Required action:
Return an exact copy of the data, starting at its first line and ending at the line that contains "Porovnání AdGuard VPN", minus any pictures.
------ Supplied data ------
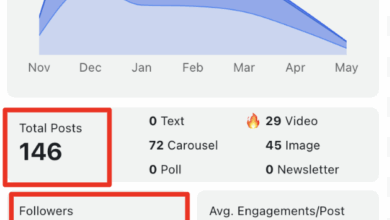 LinkedIn Personal Branding Statistics: New Data LinkedIn Personal Branding Statistics: New Data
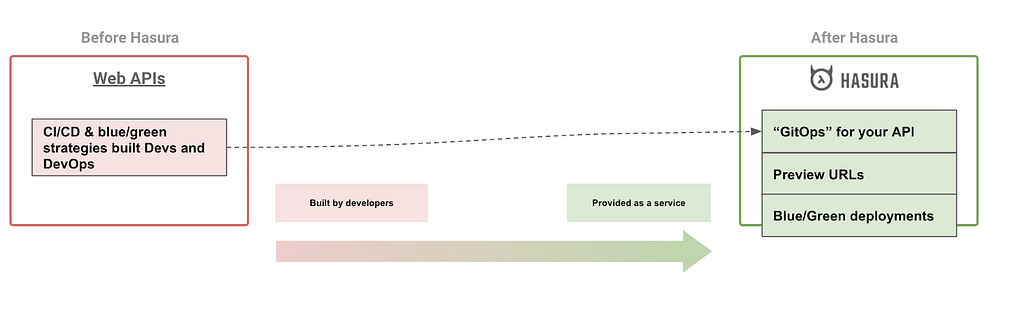 hasura api development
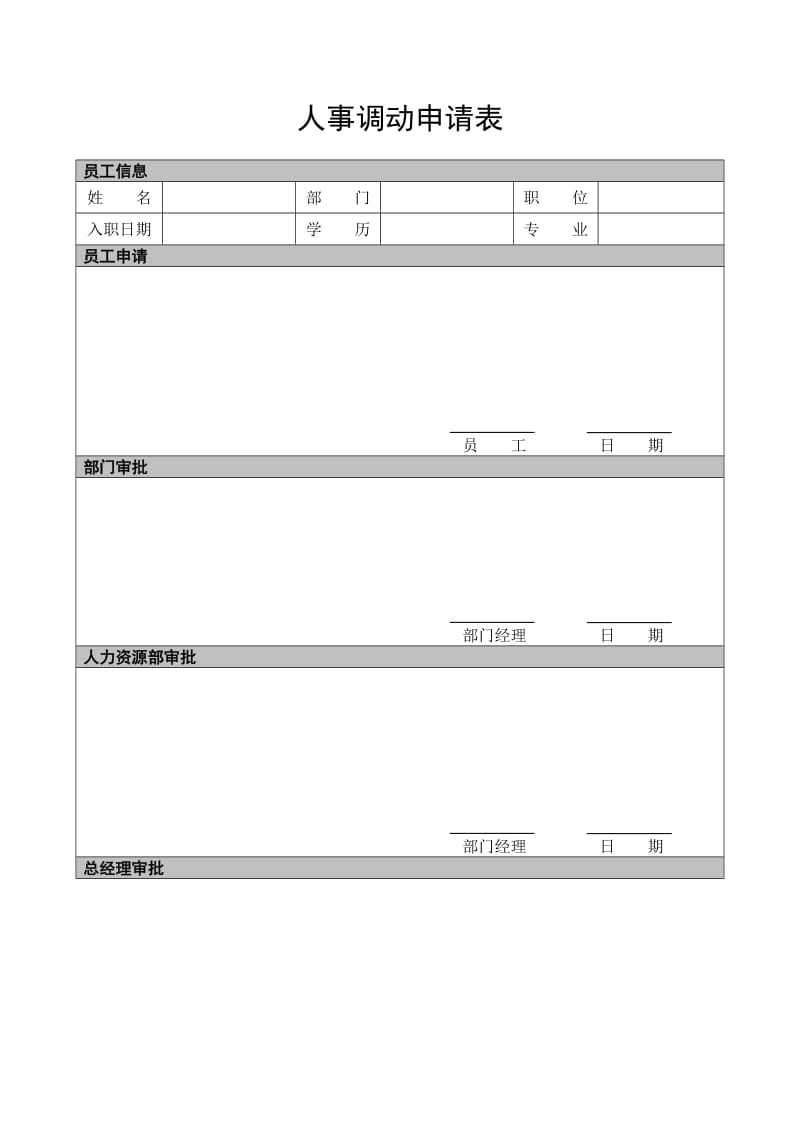 人事调动申请表（表格模板、doc格式）.doc_第1页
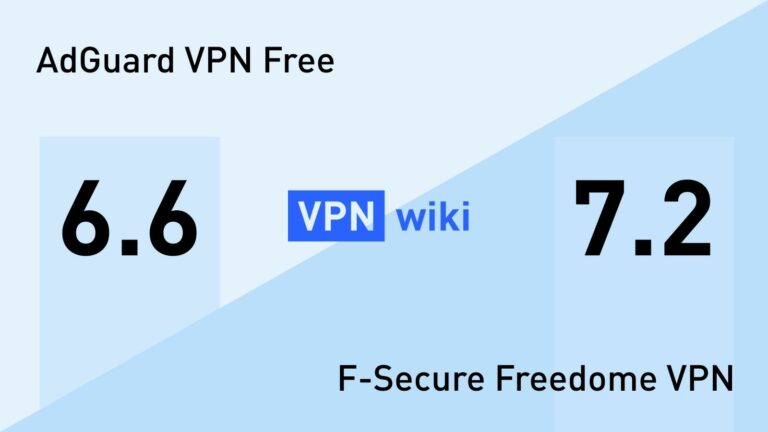 Porovnání AdGuard VPN Free vs F-Secure Freedome VPN: Jaká VPN je lepší?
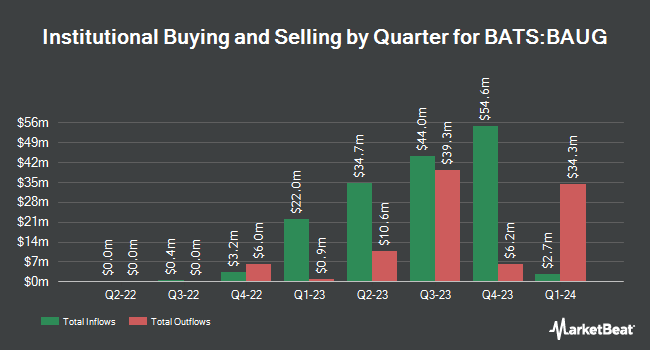 Institutional Ownership by Quarter for Innovator U.S. Equity Buffer ETF - August (BATS:BAUG)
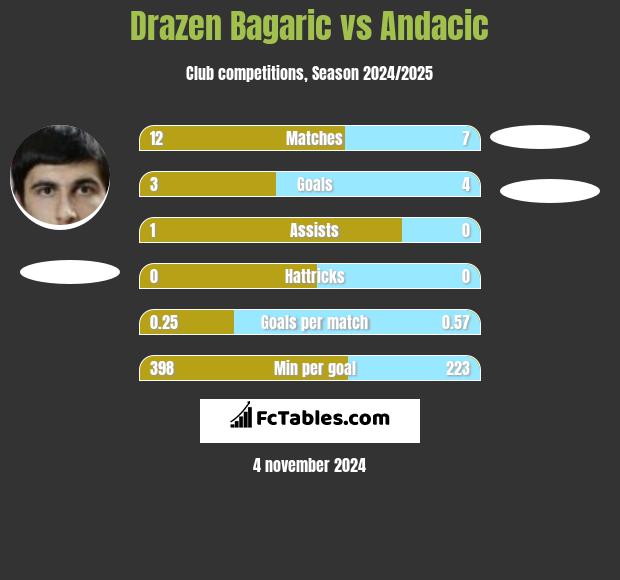 Drazen Bagaric vs Andacic h2h player stats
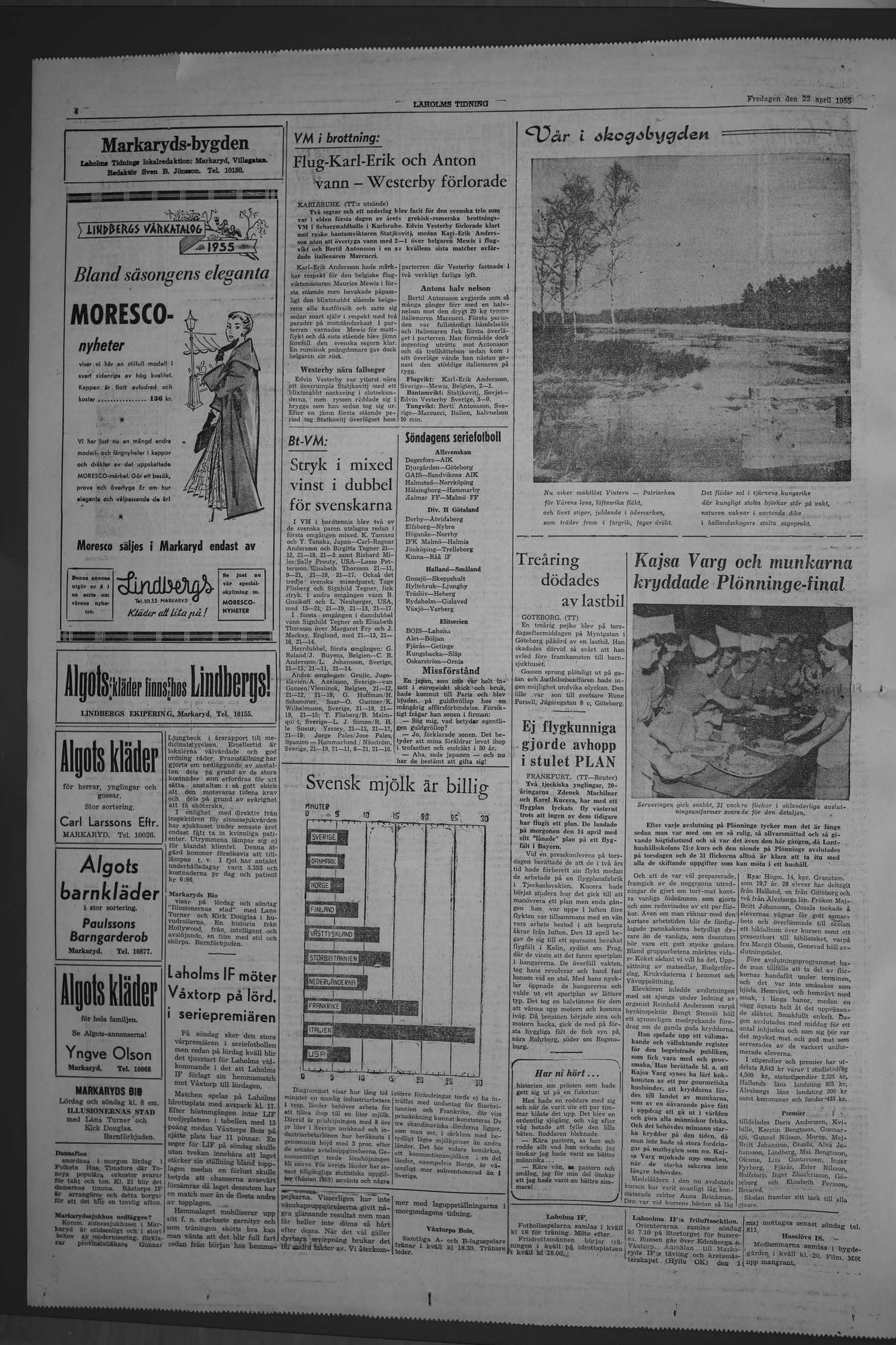 Laholms Tidning Fredag 22 april 1955, sida 4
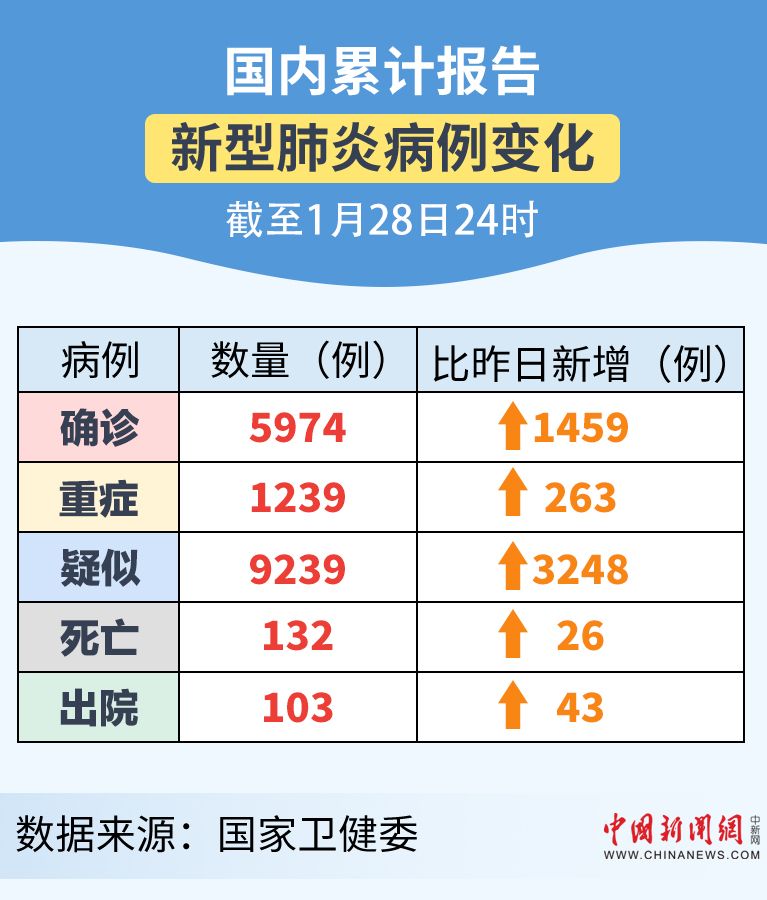 北京疫情疫苗价格及相关考量分析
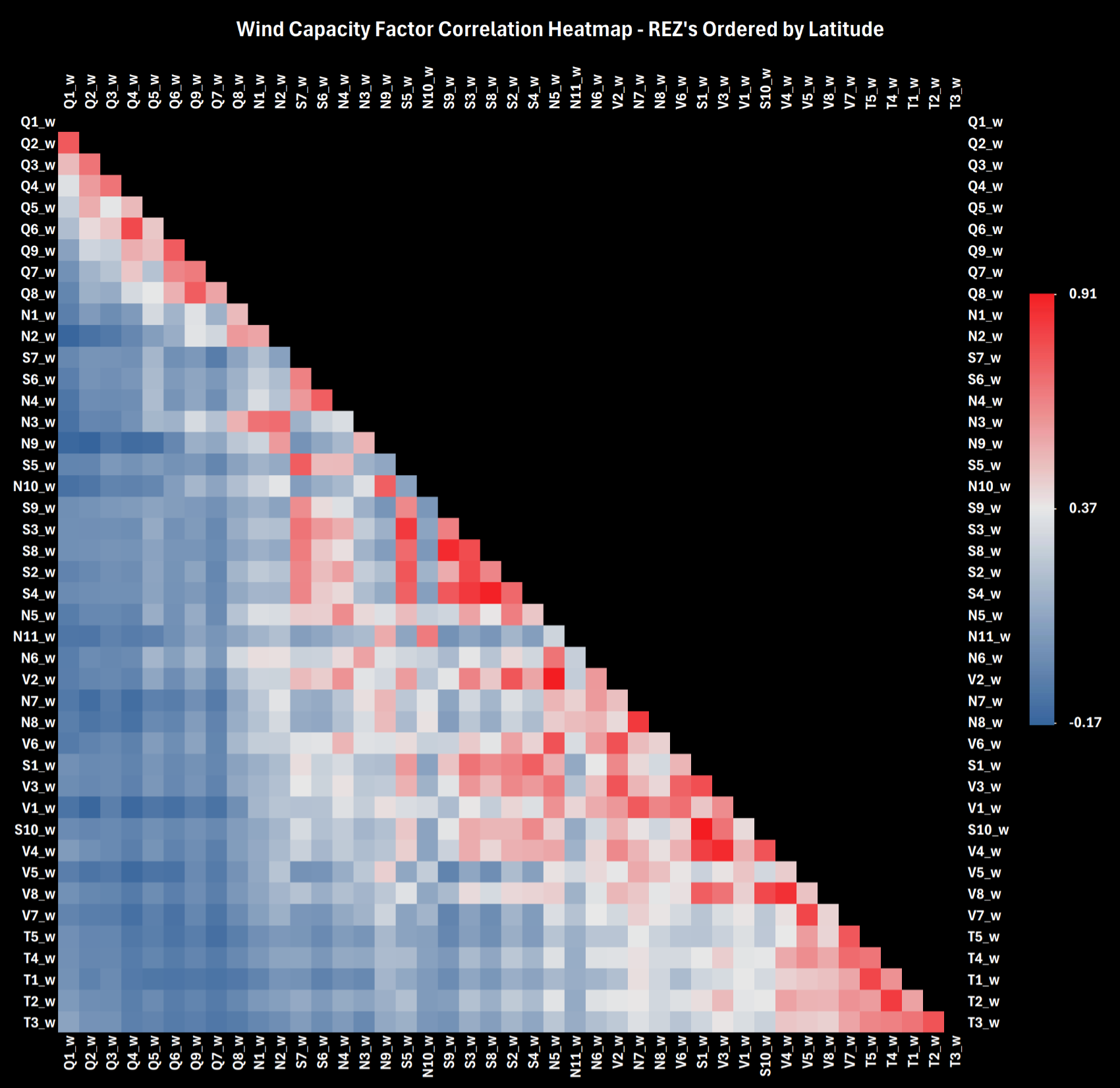 REZ Wind Capacity Factor Correlation Matrix - Ordered by Latitude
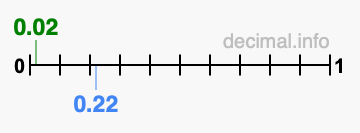 Is 0.02 greater than 0.22?
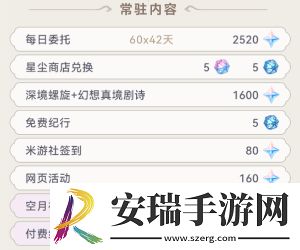 原神5.2版本一共可以获得多少原石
------
Response to the task:
 LinkedIn Personal Branding Statistics: New Data LinkedIn Personal Branding Statistics: New Data
 hasura api development
 人事调动申请表（表格模板、doc格式）.doc_第1页
 Porovnání AdGuard VPN Free vs F-Secure Freedome VPN: Jaká VPN je lepší?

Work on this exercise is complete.